In 1974, the Carroll district, the Manning Community School District, and the Eden Township School District and the Templeton Independent School District decided that the Eden and Templeton districts would be divided between the Carroll and Manning districts; Carroll got about 89% and 75%, respectively, of the land of the Templeton and Eden districts, with the Manning district taking the remainders.

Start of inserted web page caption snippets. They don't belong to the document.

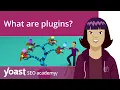 What are plugins and what can they do for your WordPress site WordPress for beginners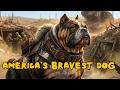 The Legendary War Dog That Earned A Military Rank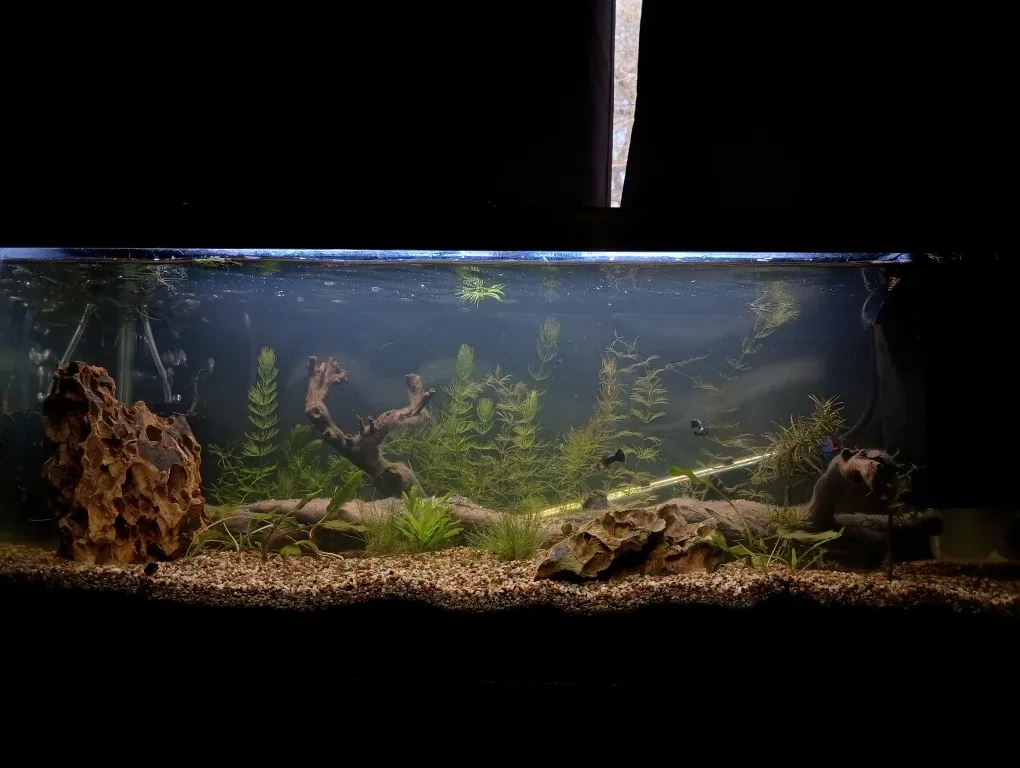 Professional planted aquarium builds image indicator(3)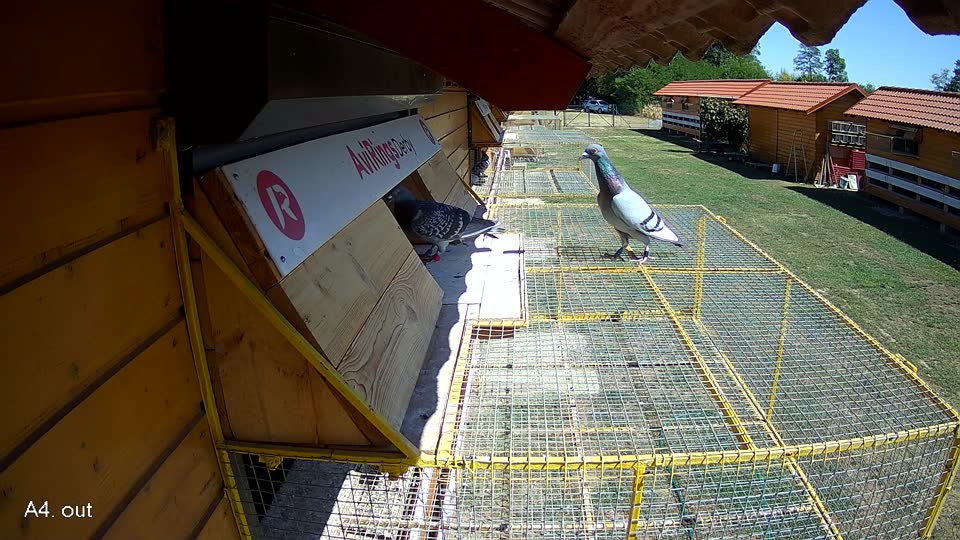 Pigeon Arrival Image For Race Race 3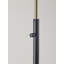 Rotisha 61'' Dimmable LED Floor Lamp
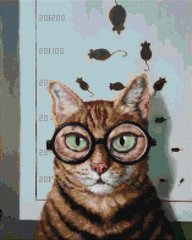 Алмазна мозаика Проверка зрения котика ©Lucia Heffernan, 40x50 см, Brushme
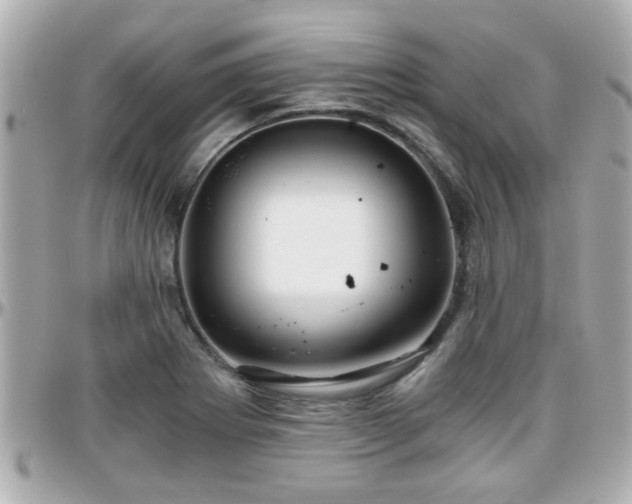X0000096201273200801251005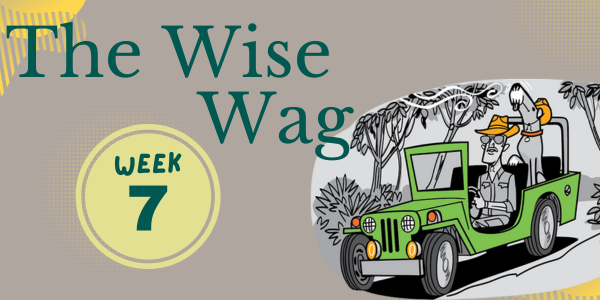 senior journey week 7 header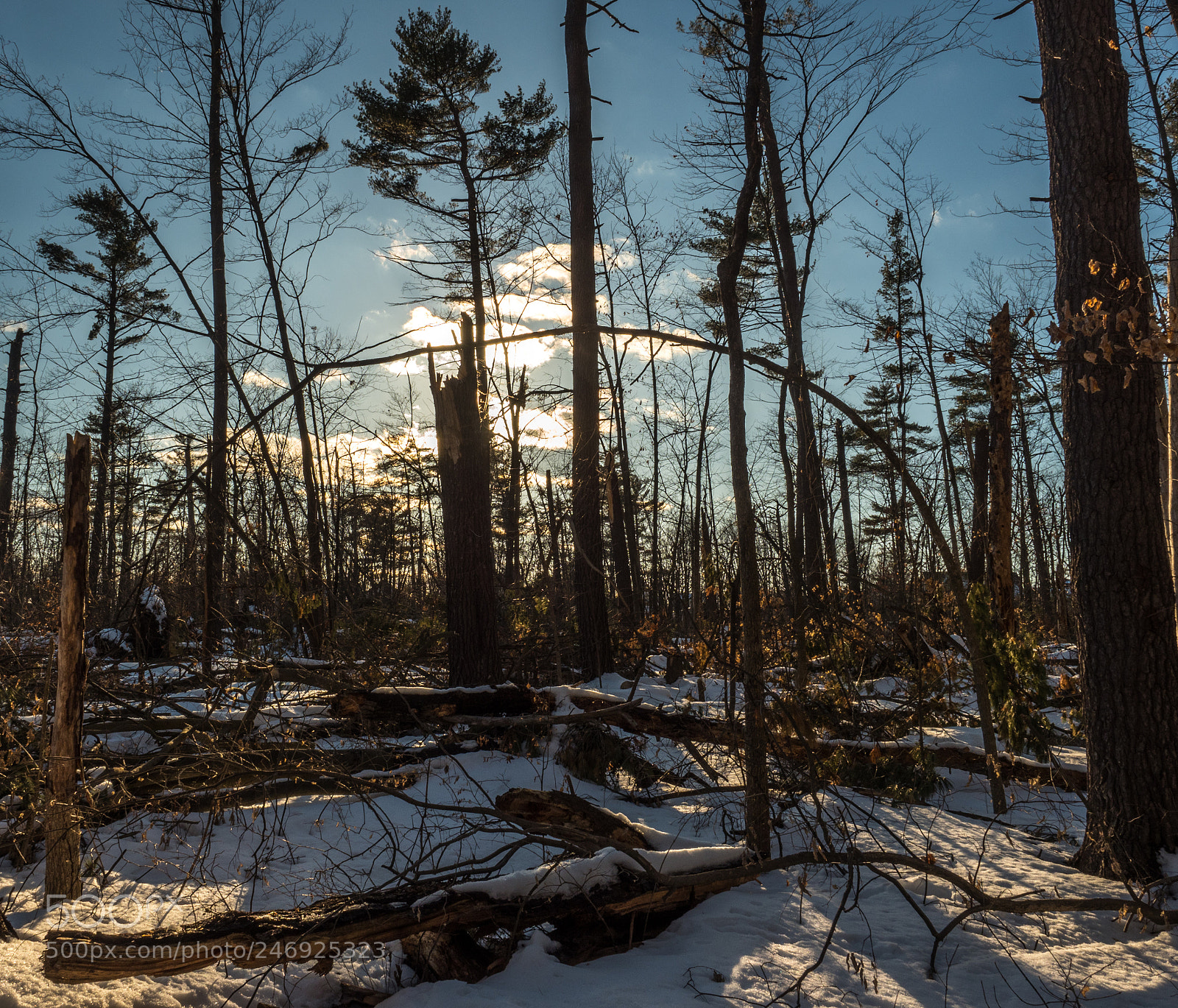 Olympus OM-D E-M1 Mark II sample photo. The woods in winter photography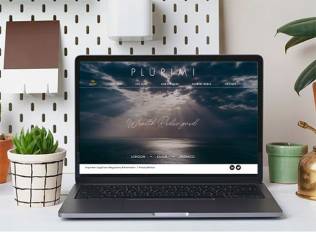 How TLD differentiated Plurimi through their website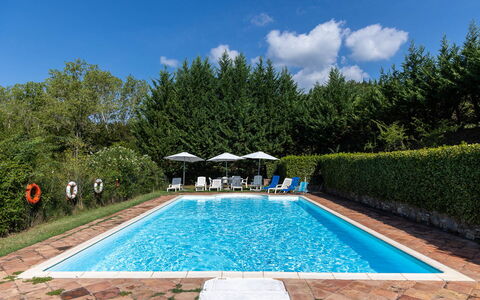 Mulino di Carpineto with Pool Gaiole in Chianti: Piscine, Recours, Mobilier De Jardin, Eco Hôtel, Jardin, Ombre, Balancelle, Aménagement Paysager, Thermes, Hacienda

The Carroll district sold the Templeton school to the town government for $3,700.

==Schools==
- Carroll High School
- Carroll Middle School
- Adams Elementary School
- Fairview Elementary School

== Carroll High School ==
=== Athletics ===
The Tigers compete in the Raccoon River Conference in the following sports:

====Fall Sports====
- Cross Country (boys and girls)
- Swimming (girls)
- Volleyball (girls)
  - 1972 State Champions
- Football

====Winter Sports====
- Basketball (boys and girls)
  - Girls' - 2-time Class 3A State Champions (1996, 1997)
- Wrestling (boys and girls)
- Swimming (boys)

====Spring Sports====
- Track and Field (boys and girls)
  - Boys' - 2-time State Champions (1927, 1957)
- Golf (boys and girls)
  - Girls' - 2009 Class 3A State Champions
- Tennis (boys and girls)
- Soccer (girls)
- Baseball
- Softball

===Carroll High School Extracurriculars (A-Z)===
- Fall Play: A play/musical is performed each year during the fall at CHS.
- FFA: The Carroll Area FFA Chapter is open to high school students in the surrounding school districts: Carroll Community School District, Kuemper Catholic Schools, and also Ar-we-va. The Carroll Area FFA Chapter was established in 1992.
- Jazz Band: CHS offers a jazz band for students grades 9–12, taking place in the 2nd semester of the year. The jazz band has performed at competitions in past years.
- Marching Band: The CHS Tiger Pride Marching Band is open to students in grades 9–12. The Carroll High School Marching Band performs at home football games, Carroll's annual band day parade, and also has made multiple appearances in multi-school competitions. In 2018 and 2019, the CHS band participated in the IHSMA Marching Band Competition.